Stored items from a collection:
-.-.-

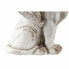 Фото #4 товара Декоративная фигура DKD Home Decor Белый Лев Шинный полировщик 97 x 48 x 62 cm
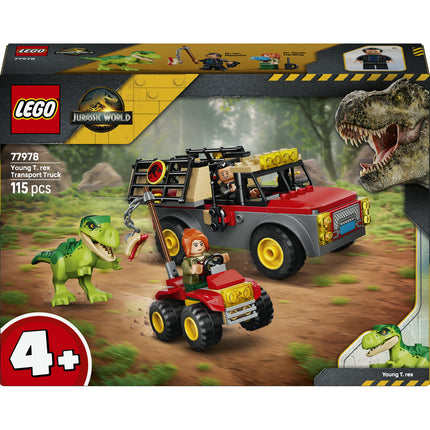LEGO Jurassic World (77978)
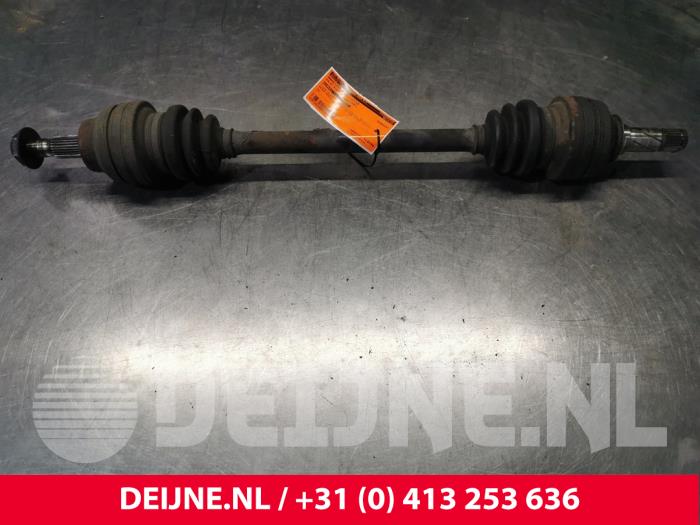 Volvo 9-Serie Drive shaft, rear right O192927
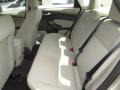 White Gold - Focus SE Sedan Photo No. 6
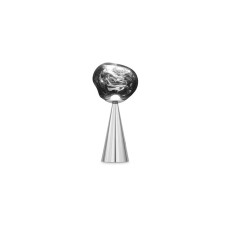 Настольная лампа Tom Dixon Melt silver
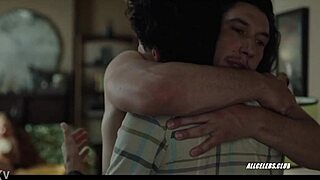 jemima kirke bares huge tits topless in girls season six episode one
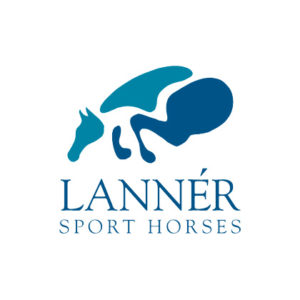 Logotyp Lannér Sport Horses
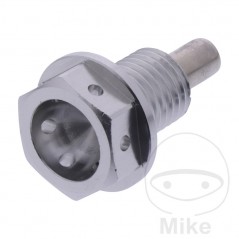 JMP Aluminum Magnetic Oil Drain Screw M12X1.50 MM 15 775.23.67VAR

-.-.-

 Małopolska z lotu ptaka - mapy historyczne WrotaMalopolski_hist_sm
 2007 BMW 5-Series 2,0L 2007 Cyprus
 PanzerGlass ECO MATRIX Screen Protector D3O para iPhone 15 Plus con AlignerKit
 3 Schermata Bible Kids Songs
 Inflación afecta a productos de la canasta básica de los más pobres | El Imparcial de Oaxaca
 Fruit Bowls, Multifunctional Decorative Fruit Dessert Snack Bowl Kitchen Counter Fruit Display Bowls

-.-.-

- Assignment
Copy out the lines above from the line containing "Фото #4 товара" through the line containing "JMP Aluminum Magnetic", exactly, and keep the pictures out.

- Answer below
 Фото #4 товара Декоративная фигура DKD Home Decor Белый Лев Шинный полировщик 97 x 48 x 62 cm
LEGO Jurassic World (77978)
 Volvo 9-Serie Drive shaft, rear right O192927
 White Gold - Focus SE Sedan Photo No. 6
 Настольная лампа Tom Dixon Melt silver
 jemima kirke bares huge tits topless in girls season six episode one
 Logotyp Lannér Sport Horses
 JMP Aluminum Magnetic Oil Drain Screw M12X1.50 MM 15 775.23.67VAR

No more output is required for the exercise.